AVC: Why cut it out? Evan Almighty?

HR: Exactly. It not only stole our thunder, but it fizzled miserably. The scene would’ve cost… [Pauses.] Our jokes were much better than theirs. We had Stanley Tucci reading for Noah, and he’d say “God has saved me for my righteousness and ordered me to build this ark and bring two of every animal.” And they’d say, “Really? You have two of every animal? You’ve got rhinoceroses?” And Noah’d say, “Well… we don’t have rhinoceroses, no. But every other animal.” And they say, “So you don’t really have two of every animal?” Noah freaks out and goes, “No, I don’t have two of every animal, but if you’d rather I throw you in the water and you wait for an ark that really does have two of every goddamn animal…” Noah was wacky and excitable.

AVC: Was the difficulty you had in securing a PG-13 rating due to the film’s religious content?

HR: Not remotely. They’re probably not more or less religious than the people they feel they’re representing, which is some imaginary demographic from the American heartland. Look at Barack Obama: He talked about how more than 80 percent of Americans believe in a God and identify as religious. To deny that and act as if they’re idiots is suicide; not only is it political suicide—he didn’t say it in such a calculated way—but he said you have to respect that, embrace it, and deal with it somehow. The ratings board, they’re not fools—they liked our movie, they just thought it was too crude, and certain jokes went too over the top. Like one much more explicit bestiality joke, although they allowed Oliver Platt to say, “The sheep’s rectum was absolutely pulverized, not unusual for a sheep from this region.” Not sure what they thought that meant, but… There’s a moment where Adam’s son, Seth, has multiplied with the sheep, and he’d say, “My thingy smells like lamb chops,” and then he’d go, “Smell this,” and put his finger under Michael’s nose. They thought that was a little too explicit.

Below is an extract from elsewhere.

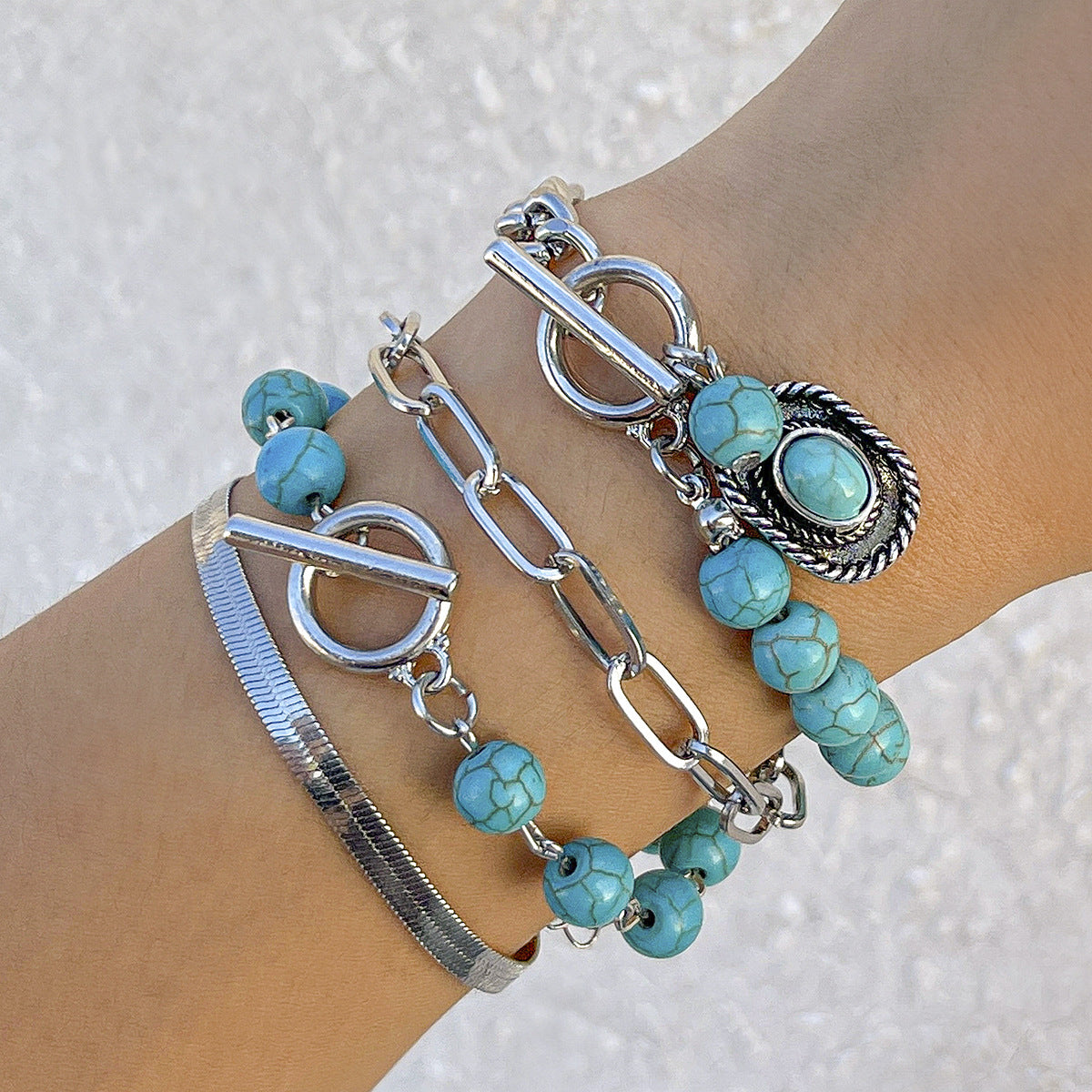 Set di braccialetti vintage bohémien geometrici in lega con catena a serpente, nappe e design asimmetrico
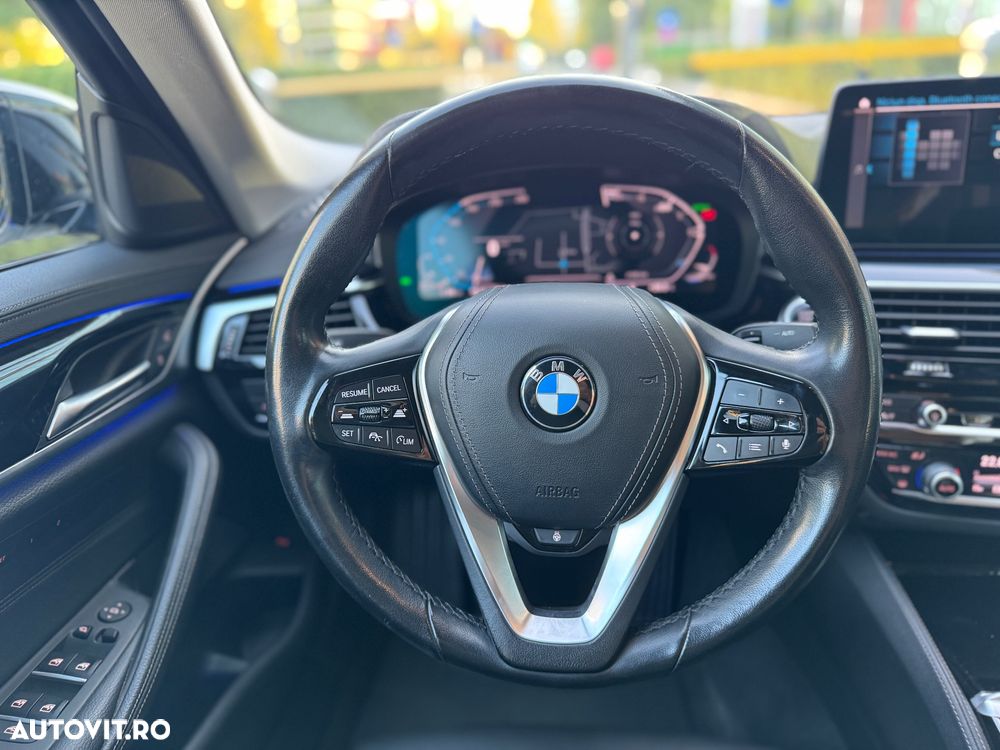 BMW Seria 5 530d xDrive AT MHEV - 27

AVC: Parts of the film are reminiscent of your previous work. There’s the whole rising-against-convention angle like Stripes, and like in Animal House, the story of guys trying to get laid.

HR: Well, even Freud thought that’s what drives us. [Laughs.]

AVC: After writing so many screenplays, how often do you find yourself falling back on your strengths?

HR: I don’t think I approach things in those terms. Even if these films are similar, it’s not because I’m trying to make them similar, but because they come from similar thoughts, ideas, personality quirks, my passions, my fears, my weaknesses, my addictions, my lust, whatever. So to the extent I’m still working off the same problems, and my shrink will agree… [Laughs.] And to the extent that they’re universal, or at least affect other people, they’re successful or not. Films are big hits when they touch a lot of people. Things are not funny in a vacuum, they’re funny because we respond to some personal dislocation, some embarrassment, some humiliation, some pain we’ve suffered, or some desire we have.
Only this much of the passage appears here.